I remember a few years back when everyone used ICQ for instant messaging and no-one had even heard of MSN messenger. Then suddenly everyone I knew was using MSN messenger and nobody cared about their ICQ number anymore.

It seems like MSN messenger overcame a "chicken and egg" problem. Was it because so many people had hotmail accounts already that they didn't have to go through a sign-up process to use MSN messenger? I'm curious as to how you knowledgable people think this was achieved...

Daniel
Tuesday, February 11, 2003

from the top of my head..

maybe one of the reasons was people on your buddy list were the only people who could contact you as opposed to ICQ.

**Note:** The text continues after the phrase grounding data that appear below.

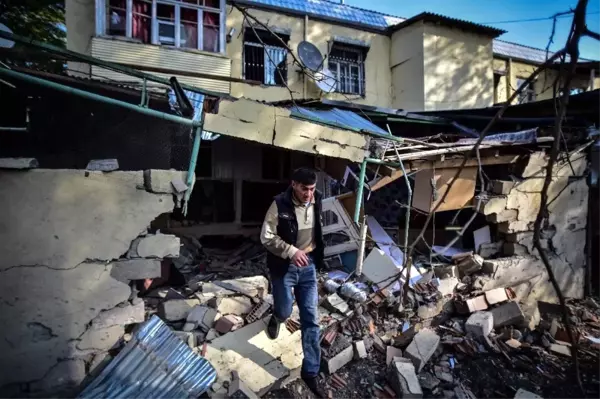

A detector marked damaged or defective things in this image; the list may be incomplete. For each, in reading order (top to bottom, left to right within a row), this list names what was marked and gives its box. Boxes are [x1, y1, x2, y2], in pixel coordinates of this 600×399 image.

broken window [100, 0, 225, 52]
broken window [244, 29, 290, 86]
broken window [328, 44, 366, 96]
broken window [516, 77, 536, 104]
cracked wall [478, 152, 592, 304]
broken concrete slab [137, 234, 180, 260]
broken concrete slab [110, 258, 162, 282]
cracked wall [0, 170, 175, 399]
broken concrete slab [92, 302, 146, 330]
broken concrete slab [157, 300, 202, 322]
broken concrete slab [185, 308, 220, 332]
broken concrete slab [214, 316, 245, 334]
broken concrete slab [209, 296, 253, 318]
broken concrete slab [466, 312, 494, 338]
broken concrete slab [492, 304, 524, 328]
broken concrete slab [203, 318, 304, 398]
broken concrete slab [326, 346, 354, 376]
broken concrete slab [406, 330, 438, 374]
broken concrete slab [386, 360, 424, 399] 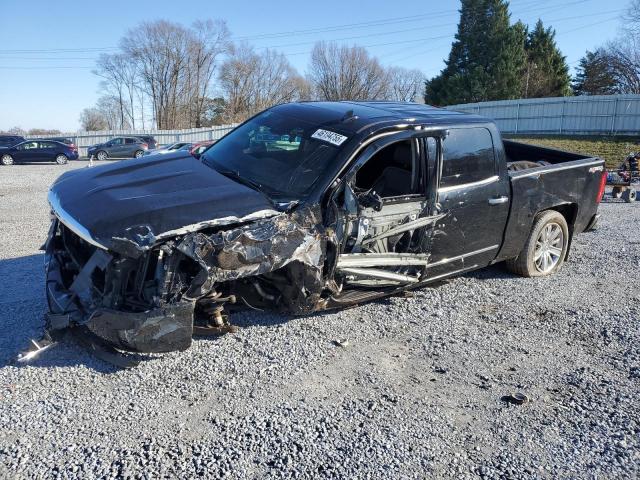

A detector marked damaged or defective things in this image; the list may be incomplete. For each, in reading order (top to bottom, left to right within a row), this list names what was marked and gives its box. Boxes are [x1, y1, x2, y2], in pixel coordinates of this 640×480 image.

shattered windshield [204, 110, 344, 201]
crumpled hood [48, 152, 278, 255]
destroyed front wheel [508, 210, 568, 278] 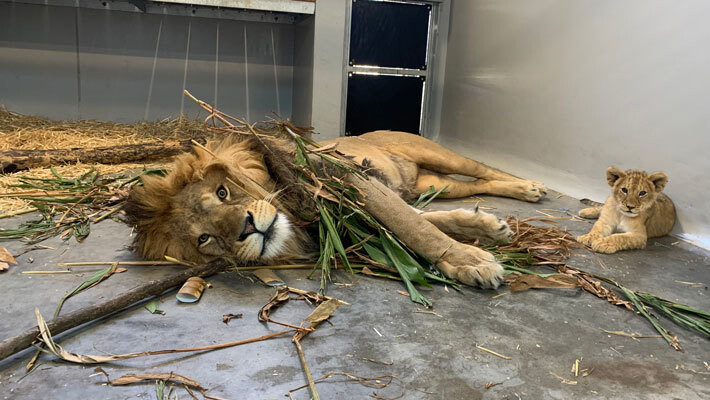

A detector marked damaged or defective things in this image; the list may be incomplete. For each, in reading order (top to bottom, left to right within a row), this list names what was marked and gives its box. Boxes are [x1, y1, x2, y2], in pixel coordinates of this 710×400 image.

broken stick [0, 260, 228, 362]
cracked concrete surface [0, 191, 708, 400] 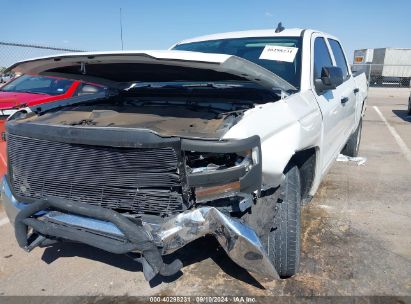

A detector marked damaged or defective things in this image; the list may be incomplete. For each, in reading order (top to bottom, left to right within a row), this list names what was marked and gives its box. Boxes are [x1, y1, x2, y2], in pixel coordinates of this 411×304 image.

crumpled hood [5, 50, 296, 92]
damaged front bumper [0, 177, 280, 282] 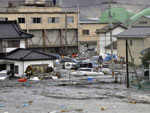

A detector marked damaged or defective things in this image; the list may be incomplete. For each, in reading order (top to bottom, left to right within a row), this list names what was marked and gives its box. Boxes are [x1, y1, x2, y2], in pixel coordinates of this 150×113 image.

damaged roof [0, 20, 33, 39] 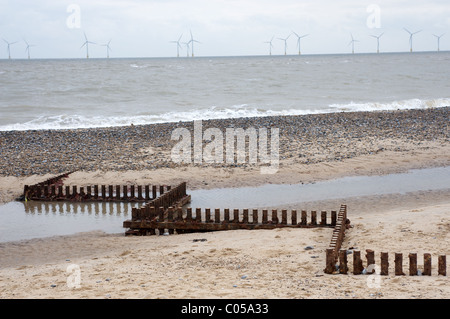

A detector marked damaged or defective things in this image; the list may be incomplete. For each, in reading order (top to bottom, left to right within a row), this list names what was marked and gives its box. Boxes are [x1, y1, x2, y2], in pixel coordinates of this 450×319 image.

rusted sea defence [1, 107, 448, 178] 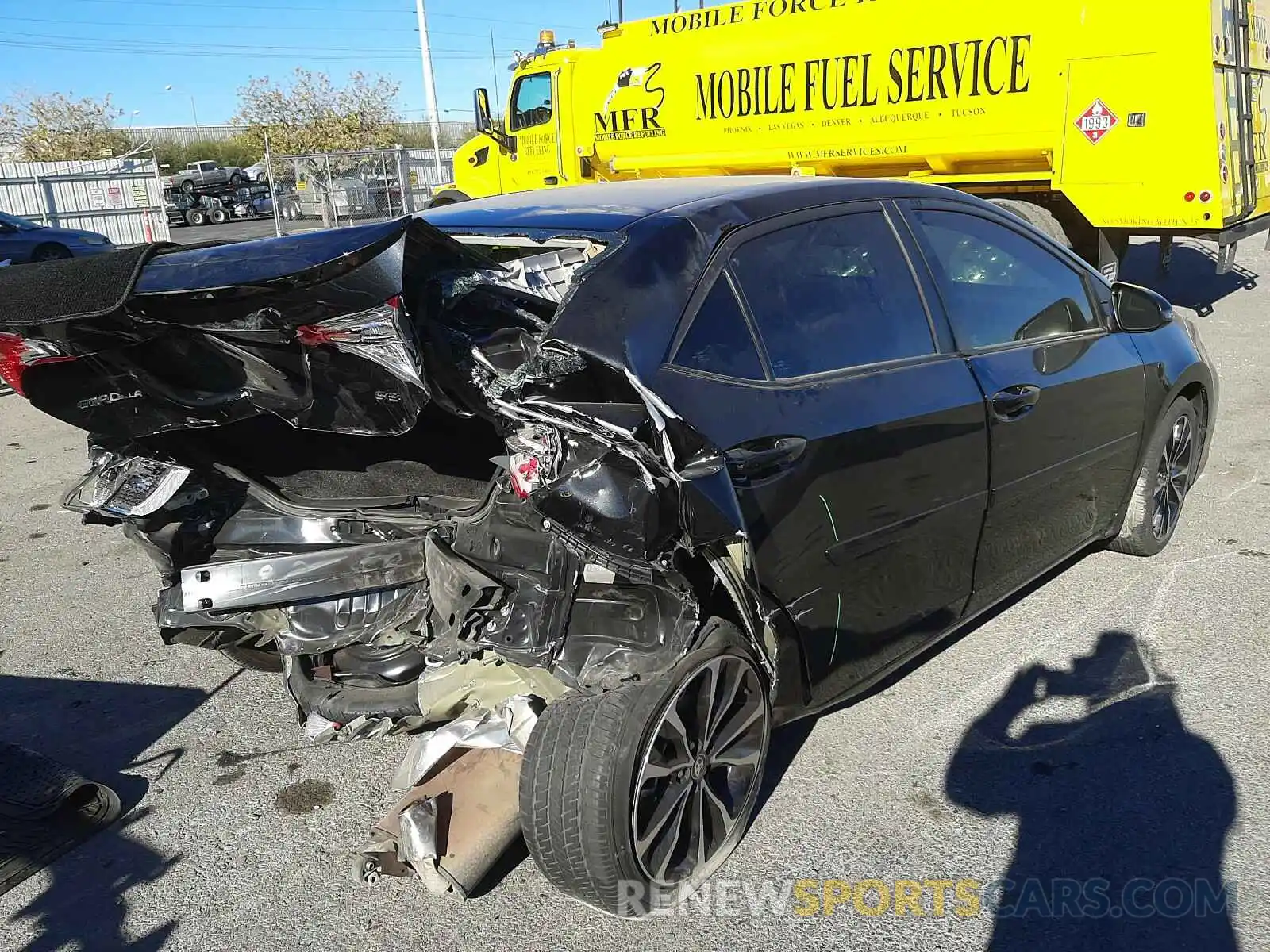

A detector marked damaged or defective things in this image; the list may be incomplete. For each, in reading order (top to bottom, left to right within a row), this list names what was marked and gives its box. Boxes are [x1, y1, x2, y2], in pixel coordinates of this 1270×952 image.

severe front damage [10, 213, 778, 727]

Other might be that (if i remember correctly) MSN offered free Internet telephony for a while.

Interesting question

Prakash S
Tuesday, February 11, 2003

May be it's due to the fact that Microsoft "force" you to install MSN Messenger when you installing your XP. ;-)

Andrew Chan
Tuesday, February 11, 2003

What got me away from ICQ and on to MSN was the portability.

To keep my home and work contact list in sync was a whole bunch of nasty work. Once I got a laptop as well it all got too hard. Then along came MSN which was (back then) a very light download, quick install and you were ready to go.

ICQ have changed this I believe, but it was too late.

Because it was SO easy, it took off the way Hotmail did. Students and travelers could sign in to net cafes around the world and catch up.

Damian
Wednesday, February 12, 2003

The reason I switched was because the MSN buddy list was saved on their server so it saved me the hassle of syncing between several computers.
At the time ICQ was already bloatware, full of useless stuff like reminders, and MSN was a simple lightweight installation.
At first I installed it just to see what it looked like (none of my friends used MSN at the time, they were all on ICQ). When I saw it was pretty cool (and lightweight) I told my friends to install it and before you know it I was uninstalling ICQ.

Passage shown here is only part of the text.